Canton is certainly having a moment after its parent company Digital Asset secured a $135 million strategic funding round, led by DRW Venture Capital and Tradeweb Markets. The round saw participation from some of the biggest names in both traditional and decentralised finance, including Circle Ventures, Citadel Securities, DTCC, Goldman Sachs, Paxos, and others.

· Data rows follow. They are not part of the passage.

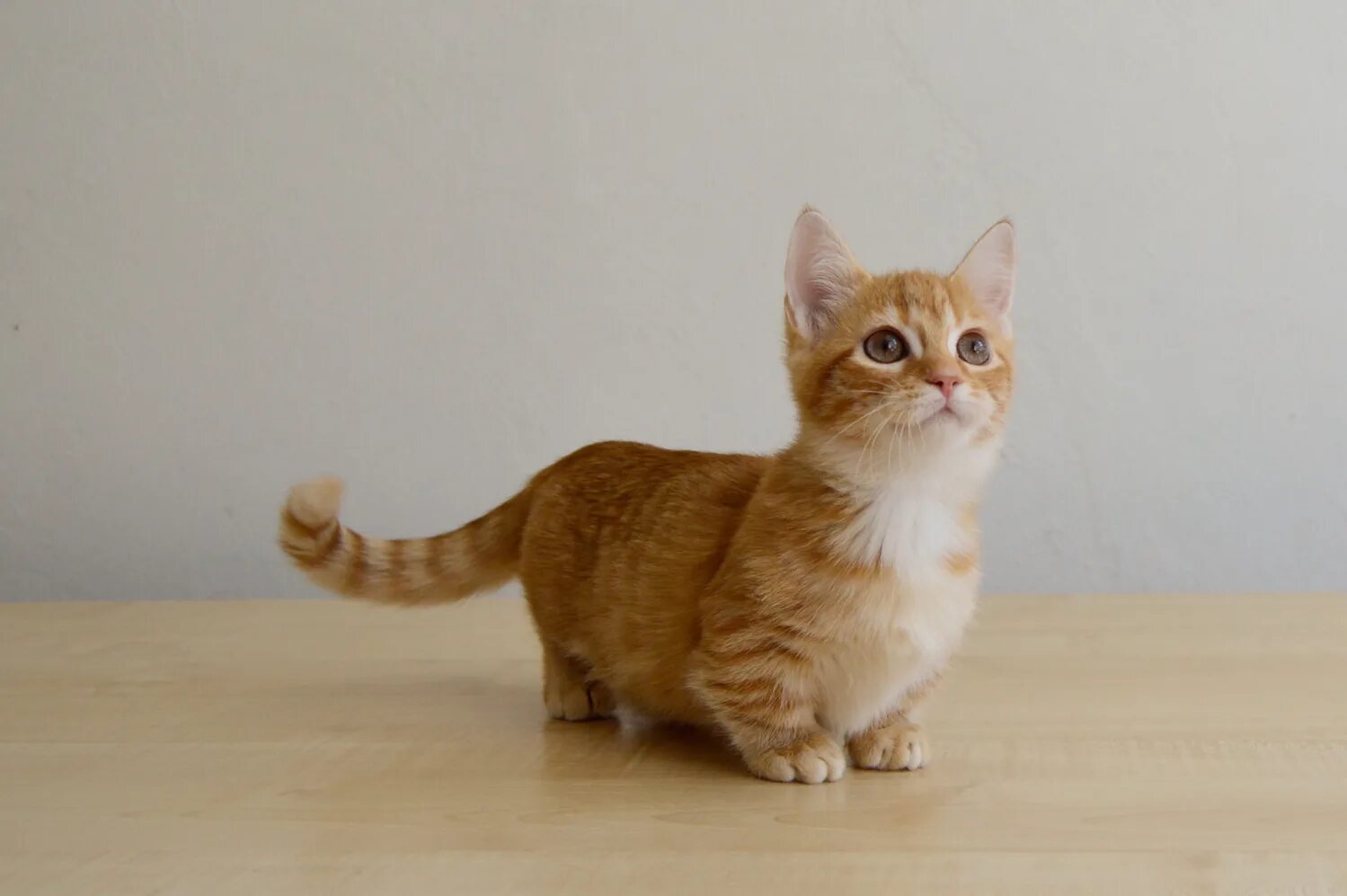 Котики на коротких лапках порода цена фото Манчкин Lilu Karapuz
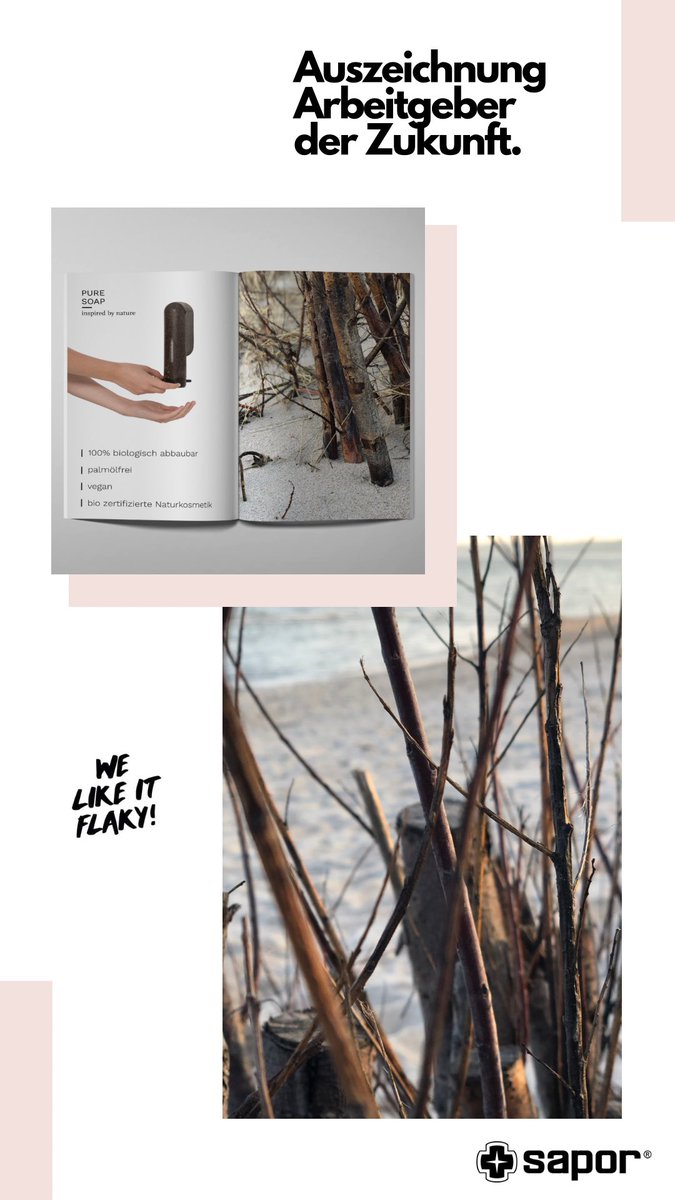 SAPOR ist vom Deutschen Innovationsinstitut für Nachhaltigkeit und Digitalisierung #DIND als ARBEITGEBER DER ZUKUNFT ausgezeichnet worden! 
#welikeitflaky #zerowaste #greenwashroomforfuture 
#trockenseifenspender #sustainability #CircularEconomy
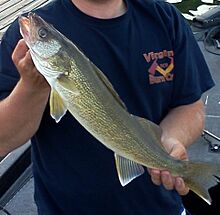 Walleye Fishing (8423020401).jpg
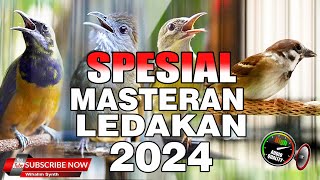 MASTERAN SPESIAL LEDAKAN 2024 KOMPILASI MEWAH UNTUK SEMUA JENIS BURUNG MURAI BATU DAN CUCAK IJO [upl. by Cheadle659]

The investment suggests growing support for the blockchain, named after a decentralised governance model used by Swiss cantons. Canton uses a modular, “network of networks” approach, where each application (or subnet) has significant autonomy over its own governance and rules, much like a Swiss canton manages its internal affairs. The approach is designed to facilitate secure transactions for the world’s largest financial players to operate with a high degree of information safeguarding. For digital asset custodians, exchanges and financial infrastructure providers, this is a significant step. It’s the first platform purpose-built to meet the stringent requirements of regulated finance while unlocking the efficiencies of decentralised technology.
Solving the Privacy vs. Transparency Paradox
One of the greatest barriers to blockchain adoption in institutional finance has always been the apparent conflict between the transparency of public blockchains versus regulated firms’ financial confidentiality requirements. Public blockchains are, by default, transparent – an appealing feature for open networks but an obstacle for financial institutions that must safeguard sensitive client and transaction data.
Market participants are looking for solutions built to resolve this paradox, which would allow them to participate in decentralised ecosystems without compromising regulatory obligations or client trust.
Institutional-Grade Compliance
By weaving institutional-grade compliance into its architecture, solutions like Canton and no doubt others to come, are helping to provide custodians and financial institutions with a platform that integrates with existing regulatory structures. This includes the ability to handle tokenised real-world assets (RWAs) such as bonds, money market funds, repos, mortgages, life insurance and annuities. Over $6T in tokenised assets are already issued by or processed on Canton.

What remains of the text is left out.